The 2010 Wildlands and Woodlands report brought attention to the fact that New England had begun to lose forested land on a net annual basis, threatening the clean air and water, and natural habitats that sustain us all. A new inter-state collaboration is working to reverse that trend by engaging landowners identified as pivotal in the battle to protect imperiled streams, drinking water reservoirs, and plant and wildlife habitat.
The Hudson to Housatonic Initiative (H2H) is made up of conservation organizations and municipal partners across southwestern Connecticut and Westchester and Putnam Counties in New York, and is funded by a two-year U.S. Forest Service grant. H2H will be led by Highstead Foundation (on behalf of Fairfield County Regional Conservation Partnership), Westchester Land Trust, Mianus River Gorge, and Housatonic Valley Association.
“The seminal report, Wildlands and Woodlands: A Vision for the New England Landscape, documented that we are now losing our irreplaceable forestlands to poorly planned development. H2H is a vital collaboration to help reverse that trend, and to sustain the natural landscapes that in turn sustain us – now and for future generations,” according to Highstead Conservation Director, Emily Bateson.

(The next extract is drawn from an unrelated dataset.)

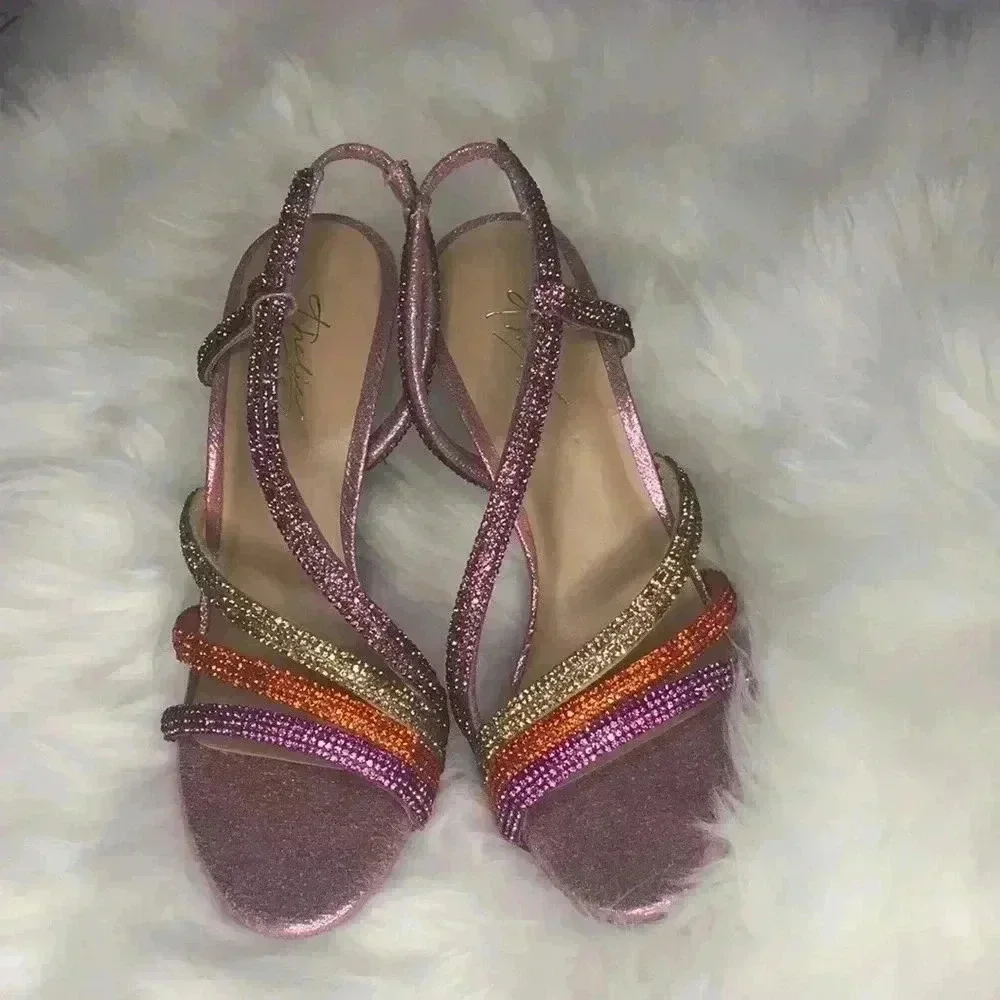 THALIA SODI Women’s Rhinestone Stiletto Heel Sandals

Participating organizations and agencies will collaborate with landowners in 13 focus areas that straddle town or state lines and contain land with streams that drain into reservoirs or habitats that are most likely to adapt to climate change in the in the future. Through activities with peers and specialists, landowners will learn about their land and gain a better understanding of their central role in sustaining the critical natural resources that support people and wildlife.
“Balance is critical in all human endeavors,” said Richard Chiaramonte, President of Stamford Land Conservation Trust. “The natural world teaches that lesson. Large landscape protection, expressed by the H2H initiative, is a part of the critical effort to maintain balance between the natural world of watersheds and habitat and the developed world of roads and buildings. To sustain, both are required.” Through activities with peers and specialists, landowners will learn about their land and gain a better understanding of their central role in sustaining the critical natural resources that support people and wildlife.
This project is funded in part through a grant awarded by the U.S. Forest Service, Northeastern Area State and Private Forestry. H2H is part of the Landscape Scale Restoration Program of the U.S. Forest Service, Department of Agriculture. This institution is an equal opportunity provider.
Partner organizations in Connecticut include Aquarion Water Company, Aspetuck Land Trust, Bethel Land Trust, Brookfield Open Space Legacy, Inc., CT Dept. of Energy and Environmental Protection, Greenwich Land Trust, Newtown Forest Association, Norwalk River Watershed Association, Redding Land Trust, Stamford Land Conservation Trust, Town of Ridgefield Conservation Commission, Wilton Land Conservation Trust, and Yale University.